Strangers on a Train (1951)

reviewed by
Steve Rhodes



                         STRANGERS ON A TRAIN
                     A film review by Steve Rhodes
                      Copyright 1998 Steve Rhodes
RATING (0 TO ****):  ***

Let's swap murders -- "Your wife, my father" -- the rich and eccentric Bruno Antony proposes to tennis athlete Guy Haines, a stranger he just met on a train in Hitchcock's 1951 taut thriller, STRANGERS ON A TRAIN. Who could catch us reasons Bruno since neither of us would be suspected, and we'd get rid of the people who are bothering us.

Bruno, played wickedly by Robert Walker, is a diabolical type who loves his mother, loathes his father, and once threatened to blow up the White House -- just joking, of course. He's also developed a way "to smell a flower on the planet Mars." Watch how menacing Robert Walker can make Bruno with nothing more that a devious smile and a box of popcorn he munches nonchalantly.

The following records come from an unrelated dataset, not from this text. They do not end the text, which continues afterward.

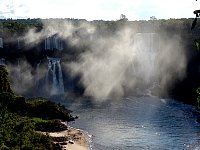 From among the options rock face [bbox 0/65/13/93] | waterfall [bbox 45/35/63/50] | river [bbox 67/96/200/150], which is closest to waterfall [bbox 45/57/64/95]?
waterfall [bbox 45/35/63/50]

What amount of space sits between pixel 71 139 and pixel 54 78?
44.4m

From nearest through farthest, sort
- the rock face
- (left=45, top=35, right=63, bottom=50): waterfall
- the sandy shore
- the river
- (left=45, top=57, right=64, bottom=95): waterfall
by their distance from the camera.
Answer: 1. the sandy shore
2. the river
3. the rock face
4. (left=45, top=57, right=64, bottom=95): waterfall
5. (left=45, top=35, right=63, bottom=50): waterfall

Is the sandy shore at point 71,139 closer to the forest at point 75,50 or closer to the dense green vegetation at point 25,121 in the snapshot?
the dense green vegetation at point 25,121

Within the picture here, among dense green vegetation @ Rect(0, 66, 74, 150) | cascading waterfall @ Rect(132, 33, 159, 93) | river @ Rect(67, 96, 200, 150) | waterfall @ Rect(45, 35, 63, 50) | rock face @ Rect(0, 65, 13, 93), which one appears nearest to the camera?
dense green vegetation @ Rect(0, 66, 74, 150)

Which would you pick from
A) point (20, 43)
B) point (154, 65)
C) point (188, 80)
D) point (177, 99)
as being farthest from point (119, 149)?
point (154, 65)

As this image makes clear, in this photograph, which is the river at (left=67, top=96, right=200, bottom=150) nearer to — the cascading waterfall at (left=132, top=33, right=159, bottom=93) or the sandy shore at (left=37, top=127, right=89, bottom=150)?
the sandy shore at (left=37, top=127, right=89, bottom=150)

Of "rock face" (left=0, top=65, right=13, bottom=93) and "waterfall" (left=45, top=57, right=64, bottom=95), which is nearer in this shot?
"rock face" (left=0, top=65, right=13, bottom=93)

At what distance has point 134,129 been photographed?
56.9 metres

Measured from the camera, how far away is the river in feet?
163

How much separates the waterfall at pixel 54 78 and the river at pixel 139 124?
547 inches

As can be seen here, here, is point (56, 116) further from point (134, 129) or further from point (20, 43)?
point (20, 43)

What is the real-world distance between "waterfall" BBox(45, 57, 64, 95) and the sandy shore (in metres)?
38.3

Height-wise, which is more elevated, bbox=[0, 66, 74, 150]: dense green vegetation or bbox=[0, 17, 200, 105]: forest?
bbox=[0, 17, 200, 105]: forest

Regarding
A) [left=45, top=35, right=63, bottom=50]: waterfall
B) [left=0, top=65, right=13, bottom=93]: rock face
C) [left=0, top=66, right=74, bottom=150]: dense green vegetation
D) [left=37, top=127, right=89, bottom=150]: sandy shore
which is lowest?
[left=37, top=127, right=89, bottom=150]: sandy shore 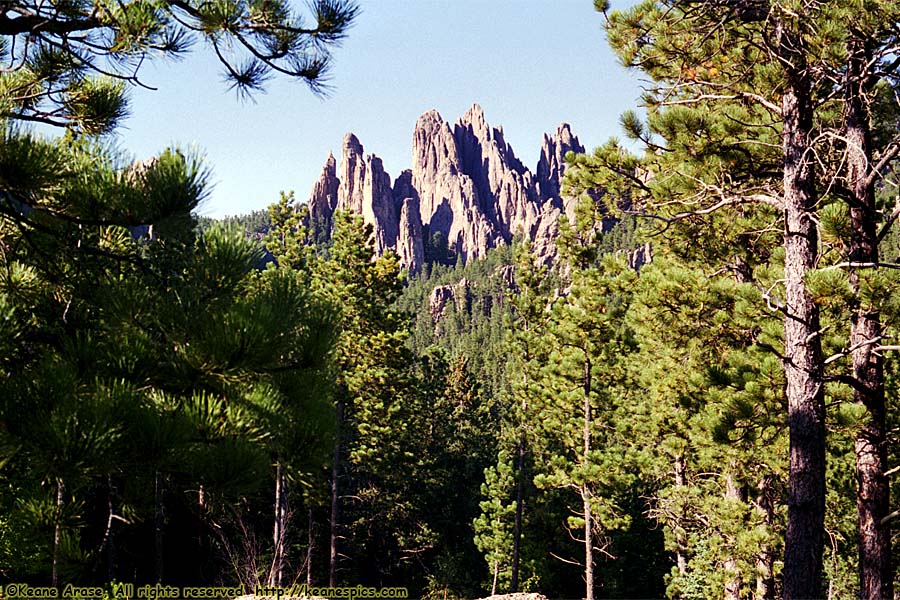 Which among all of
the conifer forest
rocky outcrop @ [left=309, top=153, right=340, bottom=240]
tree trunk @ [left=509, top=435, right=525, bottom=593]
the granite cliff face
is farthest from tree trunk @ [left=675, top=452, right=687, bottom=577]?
rocky outcrop @ [left=309, top=153, right=340, bottom=240]

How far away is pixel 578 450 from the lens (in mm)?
14195

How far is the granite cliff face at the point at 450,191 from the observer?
122 meters

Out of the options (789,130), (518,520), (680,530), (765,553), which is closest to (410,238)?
(518,520)

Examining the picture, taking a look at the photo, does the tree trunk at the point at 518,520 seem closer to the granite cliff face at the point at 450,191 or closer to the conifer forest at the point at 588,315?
the conifer forest at the point at 588,315

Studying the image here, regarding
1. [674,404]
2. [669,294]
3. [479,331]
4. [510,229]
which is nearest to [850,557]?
[674,404]

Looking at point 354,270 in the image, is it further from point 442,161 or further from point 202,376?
point 442,161

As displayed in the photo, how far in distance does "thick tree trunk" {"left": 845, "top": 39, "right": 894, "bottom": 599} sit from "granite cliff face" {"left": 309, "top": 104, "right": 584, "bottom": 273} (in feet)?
376

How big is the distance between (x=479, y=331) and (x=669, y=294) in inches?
2717

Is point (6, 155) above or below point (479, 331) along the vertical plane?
below

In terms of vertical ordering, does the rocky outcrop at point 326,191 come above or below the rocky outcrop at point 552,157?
below

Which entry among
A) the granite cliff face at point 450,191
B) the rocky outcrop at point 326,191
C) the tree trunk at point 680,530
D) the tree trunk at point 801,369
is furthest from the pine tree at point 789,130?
the rocky outcrop at point 326,191

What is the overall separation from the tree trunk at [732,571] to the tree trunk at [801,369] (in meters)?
4.64

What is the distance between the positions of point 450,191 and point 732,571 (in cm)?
12503

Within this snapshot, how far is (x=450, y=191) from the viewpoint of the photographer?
13138 centimetres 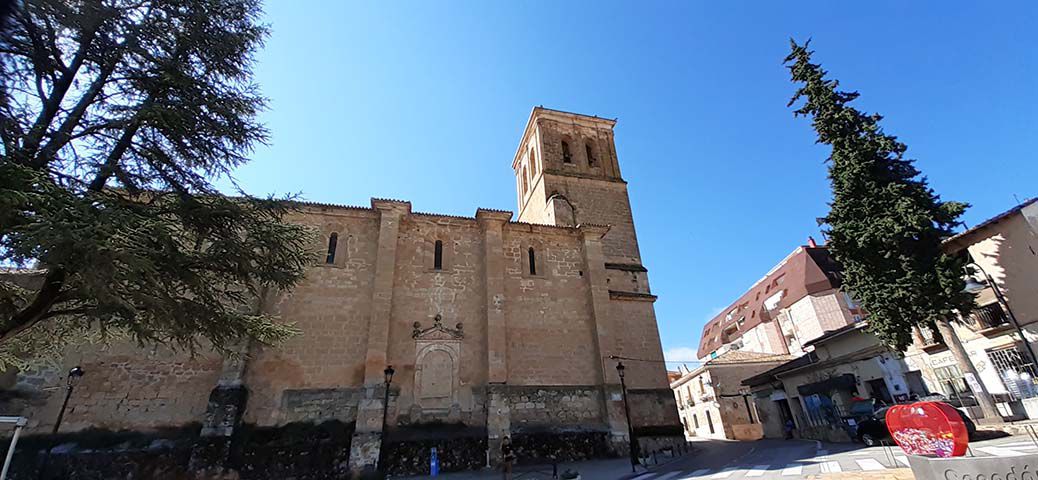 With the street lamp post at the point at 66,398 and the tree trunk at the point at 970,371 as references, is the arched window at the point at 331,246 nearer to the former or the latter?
the street lamp post at the point at 66,398

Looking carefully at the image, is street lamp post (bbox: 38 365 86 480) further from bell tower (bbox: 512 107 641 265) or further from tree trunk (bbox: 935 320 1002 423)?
tree trunk (bbox: 935 320 1002 423)

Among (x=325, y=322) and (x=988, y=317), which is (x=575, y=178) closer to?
(x=325, y=322)

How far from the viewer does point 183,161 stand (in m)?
8.71

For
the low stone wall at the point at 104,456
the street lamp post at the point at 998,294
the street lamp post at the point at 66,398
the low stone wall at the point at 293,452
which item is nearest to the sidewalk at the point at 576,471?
the low stone wall at the point at 293,452

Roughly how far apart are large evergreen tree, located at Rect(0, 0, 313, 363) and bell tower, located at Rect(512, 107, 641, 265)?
13.9m

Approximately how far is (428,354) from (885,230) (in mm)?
14879

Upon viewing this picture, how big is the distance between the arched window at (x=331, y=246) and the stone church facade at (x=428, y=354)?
0.04 meters

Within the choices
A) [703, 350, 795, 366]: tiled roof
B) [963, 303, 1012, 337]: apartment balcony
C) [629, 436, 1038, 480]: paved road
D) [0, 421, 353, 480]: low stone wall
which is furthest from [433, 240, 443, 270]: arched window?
[703, 350, 795, 366]: tiled roof

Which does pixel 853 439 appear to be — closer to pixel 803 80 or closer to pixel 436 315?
pixel 803 80

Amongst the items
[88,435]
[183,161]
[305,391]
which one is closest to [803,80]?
[183,161]

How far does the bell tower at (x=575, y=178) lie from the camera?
20750 millimetres

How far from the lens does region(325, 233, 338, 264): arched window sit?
15561 mm

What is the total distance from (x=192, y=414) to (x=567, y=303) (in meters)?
12.5

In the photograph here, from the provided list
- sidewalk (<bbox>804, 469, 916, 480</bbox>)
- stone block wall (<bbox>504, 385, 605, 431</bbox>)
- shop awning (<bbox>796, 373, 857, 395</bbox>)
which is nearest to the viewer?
sidewalk (<bbox>804, 469, 916, 480</bbox>) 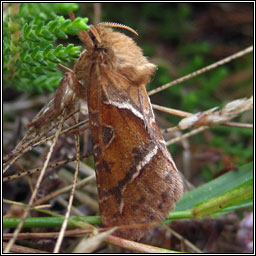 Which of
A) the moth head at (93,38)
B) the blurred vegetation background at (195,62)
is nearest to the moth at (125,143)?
the moth head at (93,38)

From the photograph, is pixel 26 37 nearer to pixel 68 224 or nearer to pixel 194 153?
pixel 68 224

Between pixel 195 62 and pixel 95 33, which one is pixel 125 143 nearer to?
pixel 95 33

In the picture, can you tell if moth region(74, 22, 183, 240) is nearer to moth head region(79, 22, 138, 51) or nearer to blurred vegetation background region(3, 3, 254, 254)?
moth head region(79, 22, 138, 51)

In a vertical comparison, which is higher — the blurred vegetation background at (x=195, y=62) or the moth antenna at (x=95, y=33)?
the moth antenna at (x=95, y=33)

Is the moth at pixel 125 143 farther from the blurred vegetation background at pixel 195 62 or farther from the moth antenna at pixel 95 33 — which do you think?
the blurred vegetation background at pixel 195 62

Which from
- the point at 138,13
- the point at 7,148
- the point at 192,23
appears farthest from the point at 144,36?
the point at 7,148

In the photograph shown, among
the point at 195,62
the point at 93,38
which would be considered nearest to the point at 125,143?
the point at 93,38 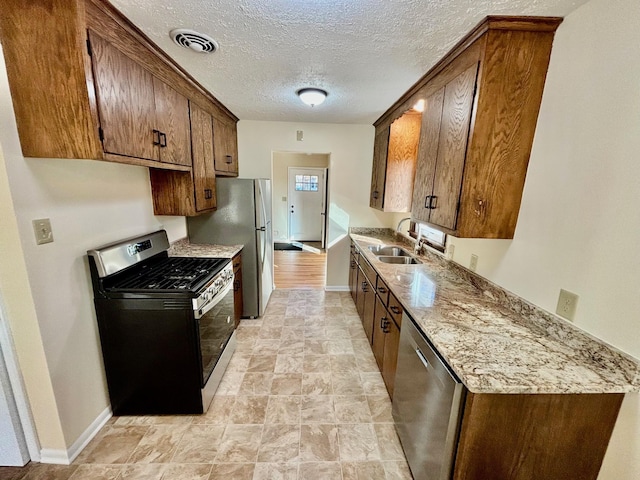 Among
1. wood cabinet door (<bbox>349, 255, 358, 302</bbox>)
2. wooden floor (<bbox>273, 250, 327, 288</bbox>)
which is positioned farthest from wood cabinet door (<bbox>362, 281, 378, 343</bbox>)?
wooden floor (<bbox>273, 250, 327, 288</bbox>)

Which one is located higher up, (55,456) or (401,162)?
(401,162)

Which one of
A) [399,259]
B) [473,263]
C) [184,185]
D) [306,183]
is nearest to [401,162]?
[399,259]

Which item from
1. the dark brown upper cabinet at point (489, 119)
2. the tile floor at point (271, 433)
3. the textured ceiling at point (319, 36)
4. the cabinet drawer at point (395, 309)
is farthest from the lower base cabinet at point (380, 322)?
the textured ceiling at point (319, 36)

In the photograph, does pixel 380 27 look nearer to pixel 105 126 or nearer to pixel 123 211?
pixel 105 126

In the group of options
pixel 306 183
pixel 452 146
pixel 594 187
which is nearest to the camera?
pixel 594 187

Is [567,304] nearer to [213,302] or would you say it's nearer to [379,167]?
[213,302]

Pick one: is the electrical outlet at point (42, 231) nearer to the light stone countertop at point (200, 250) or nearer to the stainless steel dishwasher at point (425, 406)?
the light stone countertop at point (200, 250)

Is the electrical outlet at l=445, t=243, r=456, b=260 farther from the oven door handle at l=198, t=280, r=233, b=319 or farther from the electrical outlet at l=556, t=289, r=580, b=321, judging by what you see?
the oven door handle at l=198, t=280, r=233, b=319

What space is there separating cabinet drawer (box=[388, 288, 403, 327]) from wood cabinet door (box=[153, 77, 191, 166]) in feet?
6.31

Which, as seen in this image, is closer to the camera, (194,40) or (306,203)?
(194,40)

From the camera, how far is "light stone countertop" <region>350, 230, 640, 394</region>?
0.97 metres

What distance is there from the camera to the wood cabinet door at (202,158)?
7.80 feet

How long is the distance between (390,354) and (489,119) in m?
1.64

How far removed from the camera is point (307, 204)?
705 cm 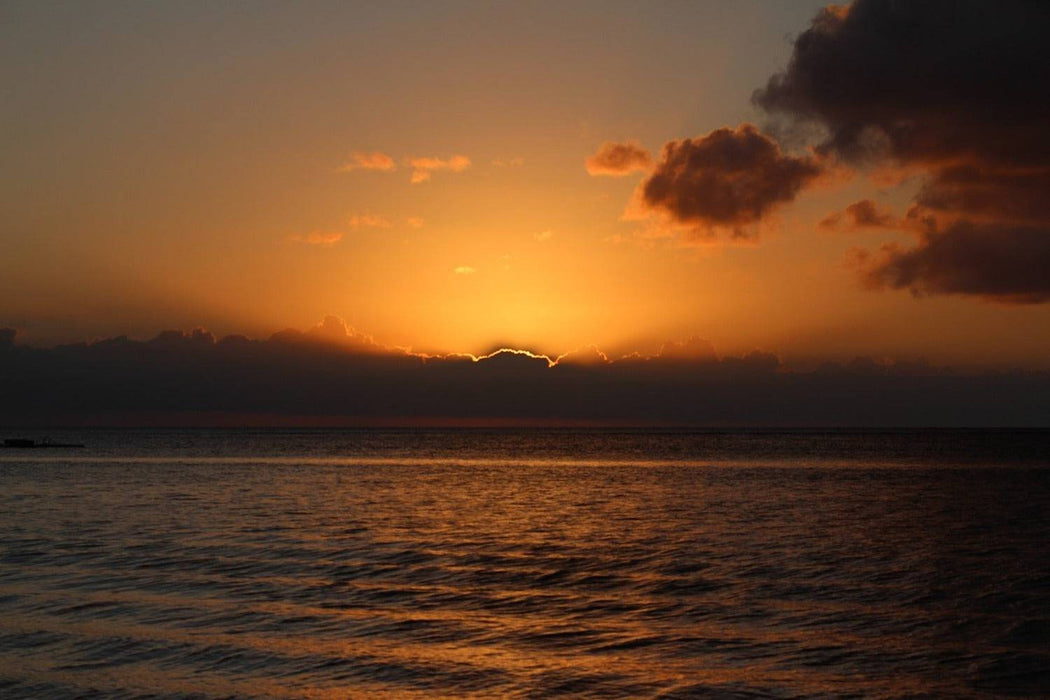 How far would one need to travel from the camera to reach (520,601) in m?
28.1

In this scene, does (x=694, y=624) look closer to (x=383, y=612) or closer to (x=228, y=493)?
(x=383, y=612)

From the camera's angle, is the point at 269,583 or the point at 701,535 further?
the point at 701,535

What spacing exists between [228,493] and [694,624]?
5930 centimetres

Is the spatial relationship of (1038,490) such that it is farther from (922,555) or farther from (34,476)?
(34,476)

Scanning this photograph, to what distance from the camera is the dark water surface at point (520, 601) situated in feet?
63.4

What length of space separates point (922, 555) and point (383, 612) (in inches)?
949

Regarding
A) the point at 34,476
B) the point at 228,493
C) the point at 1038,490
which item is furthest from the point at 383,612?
the point at 34,476

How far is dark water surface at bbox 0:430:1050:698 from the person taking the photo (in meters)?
19.3

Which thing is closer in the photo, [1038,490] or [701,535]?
[701,535]

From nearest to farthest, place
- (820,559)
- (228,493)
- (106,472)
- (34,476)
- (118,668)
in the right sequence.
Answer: (118,668) → (820,559) → (228,493) → (34,476) → (106,472)

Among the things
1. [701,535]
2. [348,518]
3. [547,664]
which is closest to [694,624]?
[547,664]

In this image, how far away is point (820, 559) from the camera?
121 feet

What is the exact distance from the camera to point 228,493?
76188 mm

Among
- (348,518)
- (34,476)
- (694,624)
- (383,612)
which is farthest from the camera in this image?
(34,476) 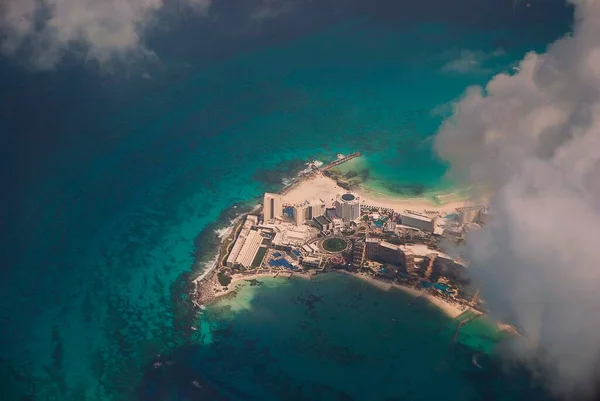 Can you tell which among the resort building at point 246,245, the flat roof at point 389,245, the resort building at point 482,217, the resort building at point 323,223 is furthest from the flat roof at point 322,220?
the resort building at point 482,217

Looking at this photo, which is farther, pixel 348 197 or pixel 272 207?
pixel 348 197

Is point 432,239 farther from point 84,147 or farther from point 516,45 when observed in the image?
point 516,45

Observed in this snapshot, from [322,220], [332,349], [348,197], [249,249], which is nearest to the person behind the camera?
[332,349]

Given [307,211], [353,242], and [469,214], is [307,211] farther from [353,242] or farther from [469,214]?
[469,214]

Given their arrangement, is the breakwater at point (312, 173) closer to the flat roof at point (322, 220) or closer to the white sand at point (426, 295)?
the flat roof at point (322, 220)

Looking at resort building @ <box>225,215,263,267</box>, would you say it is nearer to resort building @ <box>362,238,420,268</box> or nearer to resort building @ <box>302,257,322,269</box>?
resort building @ <box>302,257,322,269</box>

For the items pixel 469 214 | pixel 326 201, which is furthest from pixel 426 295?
pixel 326 201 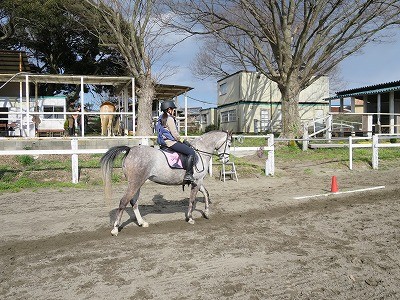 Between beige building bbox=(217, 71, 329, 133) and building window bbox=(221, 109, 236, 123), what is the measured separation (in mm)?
105

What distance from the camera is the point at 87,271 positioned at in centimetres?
445

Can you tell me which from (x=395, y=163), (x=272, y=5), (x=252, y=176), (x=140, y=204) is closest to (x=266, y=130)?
(x=272, y=5)

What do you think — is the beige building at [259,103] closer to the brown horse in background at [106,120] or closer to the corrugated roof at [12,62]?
the brown horse in background at [106,120]

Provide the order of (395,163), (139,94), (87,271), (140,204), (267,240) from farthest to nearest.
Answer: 1. (139,94)
2. (395,163)
3. (140,204)
4. (267,240)
5. (87,271)

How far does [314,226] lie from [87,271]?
4.14 m

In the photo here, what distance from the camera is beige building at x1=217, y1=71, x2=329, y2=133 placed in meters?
34.2

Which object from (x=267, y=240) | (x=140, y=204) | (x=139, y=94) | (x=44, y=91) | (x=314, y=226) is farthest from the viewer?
(x=44, y=91)

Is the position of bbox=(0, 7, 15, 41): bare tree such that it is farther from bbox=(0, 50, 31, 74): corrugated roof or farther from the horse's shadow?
the horse's shadow

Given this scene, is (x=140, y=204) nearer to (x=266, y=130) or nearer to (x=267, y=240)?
(x=267, y=240)

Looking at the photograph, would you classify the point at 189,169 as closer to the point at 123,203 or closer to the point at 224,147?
the point at 224,147

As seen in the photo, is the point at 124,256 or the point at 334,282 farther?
the point at 124,256

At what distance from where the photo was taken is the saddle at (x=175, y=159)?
6687mm

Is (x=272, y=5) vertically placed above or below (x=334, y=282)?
above

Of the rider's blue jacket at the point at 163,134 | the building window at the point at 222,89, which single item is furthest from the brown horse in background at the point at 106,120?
the building window at the point at 222,89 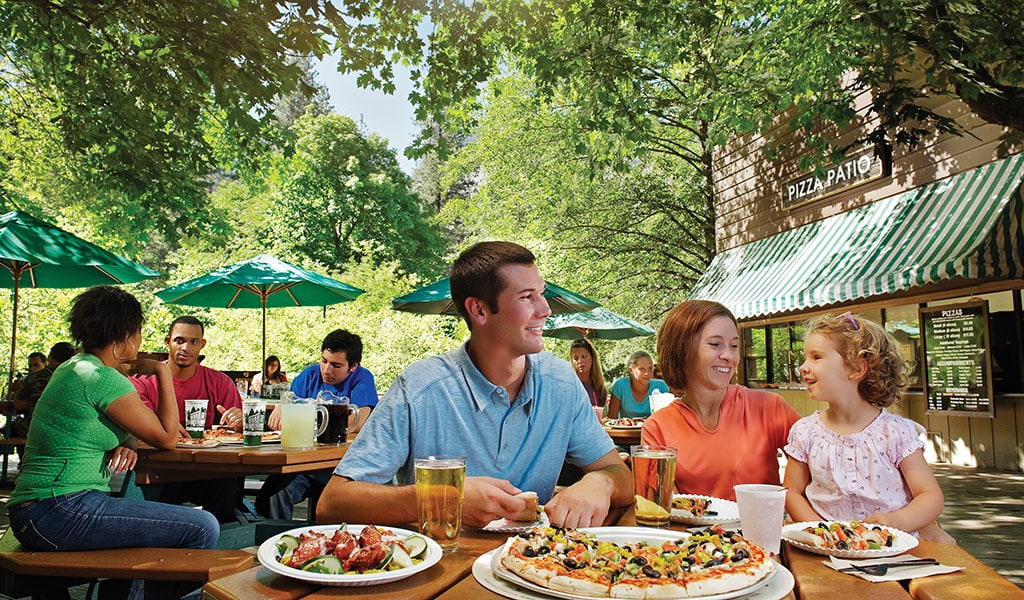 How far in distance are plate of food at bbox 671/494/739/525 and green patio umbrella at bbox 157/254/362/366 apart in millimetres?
6066

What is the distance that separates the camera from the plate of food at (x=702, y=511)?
1.84 meters

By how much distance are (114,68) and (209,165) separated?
52.9 inches

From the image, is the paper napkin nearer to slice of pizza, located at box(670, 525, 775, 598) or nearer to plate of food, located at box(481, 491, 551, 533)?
slice of pizza, located at box(670, 525, 775, 598)

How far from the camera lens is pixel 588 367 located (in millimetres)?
7773

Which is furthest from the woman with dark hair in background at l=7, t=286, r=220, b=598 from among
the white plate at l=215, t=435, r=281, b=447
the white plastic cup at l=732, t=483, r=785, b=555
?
the white plastic cup at l=732, t=483, r=785, b=555

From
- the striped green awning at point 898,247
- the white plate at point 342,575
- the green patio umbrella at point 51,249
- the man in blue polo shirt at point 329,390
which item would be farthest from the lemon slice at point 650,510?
the striped green awning at point 898,247

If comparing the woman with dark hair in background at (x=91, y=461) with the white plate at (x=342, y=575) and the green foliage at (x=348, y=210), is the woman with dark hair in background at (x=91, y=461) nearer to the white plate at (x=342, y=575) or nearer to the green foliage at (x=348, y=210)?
the white plate at (x=342, y=575)

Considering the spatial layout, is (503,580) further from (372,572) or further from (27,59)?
(27,59)

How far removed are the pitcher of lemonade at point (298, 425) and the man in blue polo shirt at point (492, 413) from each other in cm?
167

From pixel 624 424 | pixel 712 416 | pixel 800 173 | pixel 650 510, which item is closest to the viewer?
pixel 650 510

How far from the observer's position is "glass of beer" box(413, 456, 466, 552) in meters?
1.58

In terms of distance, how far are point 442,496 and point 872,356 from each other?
1771mm

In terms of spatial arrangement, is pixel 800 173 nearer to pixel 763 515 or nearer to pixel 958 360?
pixel 958 360

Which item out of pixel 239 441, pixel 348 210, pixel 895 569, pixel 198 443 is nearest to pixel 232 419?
pixel 239 441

Guy (Farley Granger), in contrast, is a rock solid citizen who wants to marry a senator's daughter, Anne Morton (Ruth Roman), just as soon as he gets rid of his entanglements with his current wife, Miriam, a notorious flirt.

Miriam, played like a oversexed schoolgirl by Laura Elliot, is pregnant but probably not with Guy's baby. We see her with two young bucks in tow as she takes them both into the infamous Tunnel of Love at the local carny.

Hitchcock is a master at setting up scenes for maximum effect. When Miriam, her two boyfriends and Bruno are shown inside the tunnel, we see only their moving shadows. And when the camera moves to outside its entrance, we hear a scream from inside, which turns out to be nothing more than Miriam yelling at one of her boyfriends with an "oh, stop that," meaning don't do anything of the kind. In another beautifully composed sequence Miriam's glasses fall off when Bruno begins to strangle her. The rest of the murder is then filmed through the reflection in her glasses lying in the grass.

(So when does Hitchcock appear? Ten minutes into the film. Just as in THE PARADINE CASE, it's at a train station, where he's carrying a musical instrument case, but this time it's a bigger one, a bass.)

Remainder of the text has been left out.